I got obsessed with the Radiohead record The Bends for about a year, and I analyzed every song on that record. “Fake Plastic Trees” is one of the best songs I’ve ever heard. I still ask myself: how did they do that? There are a couple Joni Mitchell songs that I feel that way about—songs that keep working. “The Last Time I Saw Richard” is one of my favorite songs. But, I mean, depending on what mood I’m in, I also like “(You Gotta) Fight for Your Right (to Party).”

Why study songwriting at Berklee? What does it offer?

When a songwriter has learned technique, I can hear it in their writing. When you go to write songs at Berklee, you’re going to be surrounded by people writing great songs, so you’re not going to be able to convince yourself that anything less than a badass song is great. You’re not in “good” mode. You’re in “excellence” mode, and you’ve got to show up with skills and technique.

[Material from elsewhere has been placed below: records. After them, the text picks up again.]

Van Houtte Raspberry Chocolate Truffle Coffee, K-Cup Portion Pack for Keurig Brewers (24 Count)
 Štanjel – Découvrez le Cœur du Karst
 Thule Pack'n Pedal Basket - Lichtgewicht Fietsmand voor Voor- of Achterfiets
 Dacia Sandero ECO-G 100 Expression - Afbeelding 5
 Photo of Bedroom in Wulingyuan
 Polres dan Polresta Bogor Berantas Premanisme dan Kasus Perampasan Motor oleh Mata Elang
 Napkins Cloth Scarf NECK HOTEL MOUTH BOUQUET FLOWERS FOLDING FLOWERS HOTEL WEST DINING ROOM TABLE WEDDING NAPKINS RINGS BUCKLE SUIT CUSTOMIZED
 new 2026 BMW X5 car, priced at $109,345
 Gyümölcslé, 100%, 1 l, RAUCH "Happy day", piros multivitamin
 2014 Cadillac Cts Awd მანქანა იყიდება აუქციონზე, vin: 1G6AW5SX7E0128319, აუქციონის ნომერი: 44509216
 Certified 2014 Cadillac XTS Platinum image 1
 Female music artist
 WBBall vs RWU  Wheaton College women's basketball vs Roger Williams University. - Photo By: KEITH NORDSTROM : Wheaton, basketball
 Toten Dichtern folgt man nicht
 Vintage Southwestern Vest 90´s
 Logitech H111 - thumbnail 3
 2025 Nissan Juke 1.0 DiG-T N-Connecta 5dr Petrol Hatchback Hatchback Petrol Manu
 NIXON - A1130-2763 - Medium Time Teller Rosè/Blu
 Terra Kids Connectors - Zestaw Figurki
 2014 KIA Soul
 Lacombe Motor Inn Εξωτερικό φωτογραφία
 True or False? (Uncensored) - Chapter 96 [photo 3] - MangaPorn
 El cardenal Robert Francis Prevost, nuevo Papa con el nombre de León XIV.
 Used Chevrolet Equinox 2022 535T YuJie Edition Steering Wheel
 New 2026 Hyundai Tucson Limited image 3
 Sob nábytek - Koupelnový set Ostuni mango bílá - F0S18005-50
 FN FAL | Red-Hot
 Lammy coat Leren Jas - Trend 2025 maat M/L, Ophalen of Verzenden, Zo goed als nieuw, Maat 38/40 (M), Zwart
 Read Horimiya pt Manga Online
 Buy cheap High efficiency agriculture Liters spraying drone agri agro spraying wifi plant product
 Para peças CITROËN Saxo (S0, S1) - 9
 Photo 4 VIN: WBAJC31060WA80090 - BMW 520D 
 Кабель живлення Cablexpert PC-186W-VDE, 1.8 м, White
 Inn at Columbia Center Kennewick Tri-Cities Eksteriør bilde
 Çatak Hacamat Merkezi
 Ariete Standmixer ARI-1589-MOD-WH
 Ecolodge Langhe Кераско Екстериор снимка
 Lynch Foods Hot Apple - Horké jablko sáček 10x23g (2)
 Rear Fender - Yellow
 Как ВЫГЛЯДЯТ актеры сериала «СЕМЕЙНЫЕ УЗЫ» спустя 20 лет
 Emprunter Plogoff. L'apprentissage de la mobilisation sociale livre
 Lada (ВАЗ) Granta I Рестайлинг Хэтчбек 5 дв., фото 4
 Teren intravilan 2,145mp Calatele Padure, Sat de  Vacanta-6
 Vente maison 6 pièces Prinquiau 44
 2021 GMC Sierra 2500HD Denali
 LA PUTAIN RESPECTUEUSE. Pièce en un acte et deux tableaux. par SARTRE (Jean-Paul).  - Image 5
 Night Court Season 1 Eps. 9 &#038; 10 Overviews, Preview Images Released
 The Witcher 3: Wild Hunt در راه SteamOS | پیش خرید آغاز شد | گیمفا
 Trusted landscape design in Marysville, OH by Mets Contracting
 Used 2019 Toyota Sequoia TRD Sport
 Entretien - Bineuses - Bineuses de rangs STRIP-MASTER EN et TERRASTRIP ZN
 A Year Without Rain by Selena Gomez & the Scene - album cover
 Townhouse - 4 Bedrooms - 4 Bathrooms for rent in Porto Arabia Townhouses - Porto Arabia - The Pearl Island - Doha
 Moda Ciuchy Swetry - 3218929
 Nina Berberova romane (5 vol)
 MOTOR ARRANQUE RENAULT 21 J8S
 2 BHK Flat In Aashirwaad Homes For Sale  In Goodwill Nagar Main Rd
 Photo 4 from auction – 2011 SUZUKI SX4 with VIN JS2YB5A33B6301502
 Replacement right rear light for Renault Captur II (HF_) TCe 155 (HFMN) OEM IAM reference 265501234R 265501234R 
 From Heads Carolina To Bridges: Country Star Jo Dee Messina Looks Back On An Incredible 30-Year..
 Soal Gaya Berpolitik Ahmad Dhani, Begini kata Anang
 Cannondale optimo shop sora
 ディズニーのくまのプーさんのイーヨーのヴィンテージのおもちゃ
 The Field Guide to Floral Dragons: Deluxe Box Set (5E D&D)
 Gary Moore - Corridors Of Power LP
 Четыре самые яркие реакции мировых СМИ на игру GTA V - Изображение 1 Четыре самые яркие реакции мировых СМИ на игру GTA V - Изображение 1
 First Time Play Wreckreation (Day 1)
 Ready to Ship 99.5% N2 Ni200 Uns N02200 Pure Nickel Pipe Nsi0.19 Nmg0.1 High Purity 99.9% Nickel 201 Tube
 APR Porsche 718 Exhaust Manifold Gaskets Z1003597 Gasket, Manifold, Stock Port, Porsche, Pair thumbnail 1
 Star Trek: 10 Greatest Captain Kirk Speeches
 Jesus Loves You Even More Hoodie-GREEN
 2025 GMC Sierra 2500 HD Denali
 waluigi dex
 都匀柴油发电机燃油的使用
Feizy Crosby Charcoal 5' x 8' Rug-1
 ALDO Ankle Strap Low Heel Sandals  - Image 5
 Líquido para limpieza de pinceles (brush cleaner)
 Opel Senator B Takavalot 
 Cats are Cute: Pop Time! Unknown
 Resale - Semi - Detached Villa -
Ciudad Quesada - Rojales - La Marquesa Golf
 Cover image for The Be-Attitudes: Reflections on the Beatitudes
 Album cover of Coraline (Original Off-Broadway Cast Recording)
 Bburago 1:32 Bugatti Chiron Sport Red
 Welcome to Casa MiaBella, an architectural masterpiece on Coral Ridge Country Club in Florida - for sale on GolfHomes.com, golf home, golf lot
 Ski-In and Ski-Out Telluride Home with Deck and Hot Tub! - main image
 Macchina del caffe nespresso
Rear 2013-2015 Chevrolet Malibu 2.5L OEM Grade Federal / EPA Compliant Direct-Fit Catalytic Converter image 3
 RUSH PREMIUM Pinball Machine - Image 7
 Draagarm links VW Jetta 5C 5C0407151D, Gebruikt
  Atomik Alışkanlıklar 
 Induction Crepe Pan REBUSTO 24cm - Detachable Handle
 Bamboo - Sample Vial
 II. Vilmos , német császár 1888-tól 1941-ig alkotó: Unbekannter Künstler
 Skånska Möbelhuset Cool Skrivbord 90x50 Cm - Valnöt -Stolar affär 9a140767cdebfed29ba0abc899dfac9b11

One main reason that I teach songwriting is that you need to have skills for when you run out of inspiration. Those skills are hard to find and even harder to teach, but you have those people at Berklee. The songwriting faculty is amazing. Songwriting at Berklee can really change your writing for the better and get you used to delivering whenever you write a song—and not just delivering technique, but also delivering perspective.

How is the landscape for someone looking to get into songwriting different today than it was when you were just getting started—and what remains the same?

What happened to me was I started writing songs and I lost my mind. All I wanted to do was write songs and play in a band. I did that, made $10,000 a year, had a mattress on the floor of a one-room apartment, and that was totally okay with me. I was so happy and I didn’t care about anything else. Now, we sell singles as opposed to albums, so even if you have a successful record, how much money are you going to make? Probably not that much. But the reason I mentioned that first part is that I didn’t do it for the money, and neither does any songwriter that I know.

So in some ways, it’s the same as it has always been: crazy songwriters are always going to love writing songs above all else and do whatever they can do to do it. And I think it’s going to take another round of changes for them to be able to make a reasonable living at it. A huge concern of mine in running the department at Berklee is to tell people the truth without stealing their joy. If you don’t love it, you probably shouldn’t do it. But I would have said that 30 years ago, too.

What do you plan to be known for bringing to Berklee?

I want to make the world’s foremost songwriting curriculum—one that changes and adapts to the market and what’s currently going on but also acknowledges timeless principles of songwriting and the uniqueness of songwriters as artists. I think we can make an exportable curriculum that would be used in universities all over the place, because we’re already the farthest along and because we have the deepest bench in terms of the faculty and alumni and their experience.

I also want to know what the students think. My door is always open, but I’m also thinking about a weekly “hang out with the chair” thing. I want to give students the opening to talk to me about the program and what they would like to see or how they might like to change it.